The Alaska Department of Law will file a request with the Alaska Supreme Court to extend the enactment date of a Superior Court judge’s ruling against state in a matter that may irreparably harm tens of thousands of students and parents in Alaska.

Judge Adolf Zeman said in his ruling in April that the state cannot pay for correspondence classes for Alaska students because it is unconstitutional.

He later granted a stay of his own ruling at the request of the National Education Association, which had brought the lawsuit in the first place, before the NEA realized the political firestorm that would result from pulling funding from as many as 24,000 students in Alaska and their tens of thousands of parents.

But Zeman’s stay was miserly in that it only means students and families can finish out the school year under the current law, which allows families to get reimbursement for the education of their children in a non-brick-and-mortar setting. Zeman’s stay on his own prohibition lasts until June 30.

“A longer stay would give the most certainty to the tens of thousands of students, families, and educational vendors involved in the correspondence program while we wait for a final determination. This is too important a matter for Alaska and Alaskan students for short cuts or rush to judgments without even hearing a final decision from our highest court,” said Alaska Attorney General Treg Taylor. “Although I appreciate a stay of any length, we need certainty until the Alaska Supreme Court gives everyone guidance on this issue, and the Legislature and Governor have an opportunity to react to that guidance, if necessary.”

If reimbursing home school and correspondence coursework is unconstitutional, as Zeman says it is, his stay is allowing that “unconstitutional act” to continue for several weeks, raises the question about whether he is violating the Alaska Constitution.

PETITION STARTED

A group in Anchorage has created an online petition calling on legislators to take immediate action to move forward an amendment that clarifies the Alaska Constitution, so that judges like Zeman cannot misconstrue it.

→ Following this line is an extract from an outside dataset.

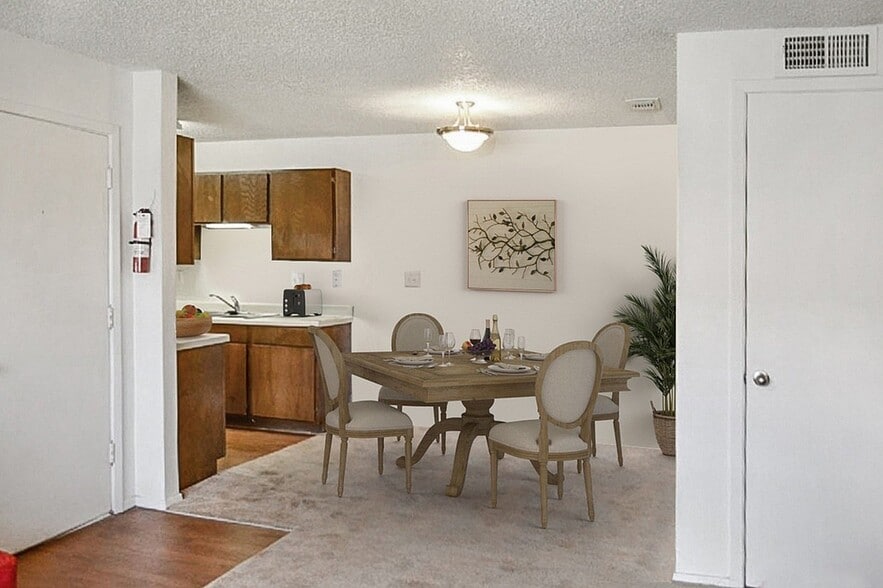 Dining Area - Parkway Villas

The petition is at this link.

ANCHORAGE SCHOOL RESPONSE

This past week, Anchorage School District Superintendent Jharrett Bryantt has sent a statement out regarding the reimbursements through the district, which will continue through the remainder of the fiscal year, which ends June 30.

“ASD is ready to start issuing payments for past and current reimbursement requests and vendor payments next week,” Bryantt wrote. “We acknowledge the ongoing concerns that families have had with the temporary pause placed on reimbursements for purchases made using correspondence school allotments. We are here to support you to get your reimbursements for this school year.”

He noted that the Anchorage School Board is advocating that the State Board of Education and Early Development to meet as soon as possible “to enact regulations that provide for constitutional correspondence study programs for the 2024-25 school year and beyond.”

HOUSE HEARING IN FINANCE

The Alaska House Education Committee will held a hearing regarding House Bill 400, which addresses aspects of state law that the judge found unconstitutional. The bill is now in Finance.

“HB 400 gives the Board of Education the direction to develop and implement regulations that align with the State Constitution. Allotments and Individual Learning Plans (ILP) will continue as they have demonstrated they are vital in the continued operation of correspondence programs,” says the sponsor statement. Documents and hearing information is at this link.

BACKGROUND

Alaska has had a correspondence school program since before statehood. In fact, correspondence school education in Alaska dates at least as far back as 1918. It has been an important public education option, and of some Alaskans, it has been the only choice for those living in logging camps, mining camps or other remote communities.

In 2014, the Alaska Legislature amended the correspondence school statutes to codify existing regulations in addition to other changes.

“Importantly, the Superior Court judge did not rule that some parts of those laws are unconstitutional and that others are valid—or that some kinds of spending under the allotment statutes are permitted but other types of spending are not. Instead, he issued an order simply declaring the correspondence program statutes unconstitutional in their entirety. This is precisely what the NEA had asked the judge to do,” the Department of Law wrote.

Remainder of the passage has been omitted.